The jobless rate fell from 3.8% to 3.6%, the US Labor Department said, the lowest since December 1969.
However, the fall was due to a large number of people - 490,000 - leaving the labour force during April.
The data also showed that the world's largest economy added a stronger-than-expected 263,000 jobs during last month.
Wage data showed that average earnings grew at an annual rate of 3.2%.
Analysts said the figures indicated that the economy remained healthy, but was not running at a pace that might cause the US Federal Reserve to alter interest rates.
Hiring gains were seen in nearly all sectors of the economy during April.

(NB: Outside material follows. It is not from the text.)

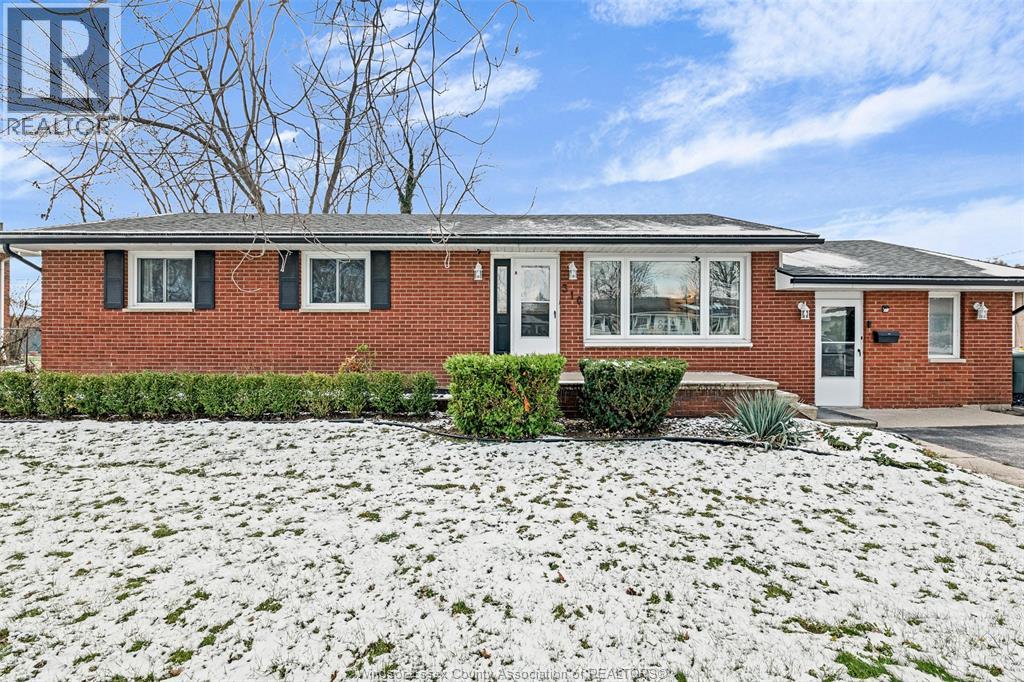 310 Superior, Lasalle, Ontario N9J 1H8 - Photo 4 - 26000304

- Professional and business services - added 76,000 new jobs
- Construction - added 33,000
- Healthcare - added 27,000
- Social assistance - added 26,000
- Financial activities - added 12,000
However, there was little change in the numbers of involuntary part-time workers. The number of people working part time because their hours had been reduced or because they were unable to find full-time jobs remained at 4.7 million.
Ian Shepherdson, chief economist at Pantheon Macroeconomics, called it a "strong" jobs report, "but payroll gains can't continue at this pace".

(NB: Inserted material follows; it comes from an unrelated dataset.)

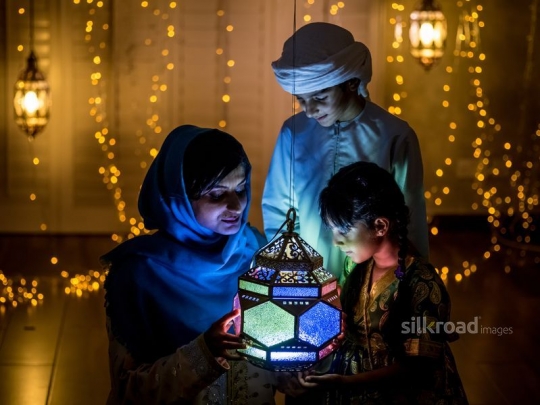 Mother with children and lanterns|-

"What can continue, though, is the downshift in unemployment, and that means more power to scarce labour and faster wage gains in due course."
He added that while there were no immediate implications to monetary policy, it would be possible that similar data in future could "prompt something of a rethink at the Fed".
By Andrew Walker, BBC World Service economics correspondent
It's a strong jobs report and certainly undermines the concerns expressed in recent months that the US might be heading for a recession soon.
The unemployment rate puts the US close to, though not at, the top of the international league table. That is a little flattering however. It reflects not just job creation, but also the number of people not seeking to work. They are classified not as unemployed but as "not in the labour force".
The percentage who are either working or trying to get work (known as the participation rate) puts the US much closer to mid-table, as does the percentage who do have jobs.
The Federal Reserve chairman, Jerome Powell, (speaking to CBS television) has referred to "an unusually large number of people in their prime working years who are not in the labour force". There are a number of factors behind that but one possible contributor is a major US public health problem; the misuse of opioid drugs.
Nancy Curtin, chief investment officer at Close Brothers Asset Management, said: "Unemployment is at a multi-decade low, the trade talks with China are progressing well, and Chinese stimulus is in place, which should boost global demand. All of this bodes well for the US economy continuing to build momentum."
Despite the strong jobs growth, US inflation remains below the Fed's target of 2%.
"Business spending is going towards digital transformation rather than investment in labour, which is proving deflationary," said Ms Curtin.
"What this means for expansion is unclear, but so long as [US Fed chairman] Powell remains pragmatic and flexible with his policy the US is in a good position for the second half of the year."
The US Federal Reserve indicated earlier this year that it would not change rates for the rest of 2019.
On Wednesday, the Fed voted to hold interest rates, keeping borrowing costs at between 2.25%-2.5%.
A day earlier, US President Donald Trump had tweeted that the Fed should reduce rates by 1% to help the US economy "go up like a rocket".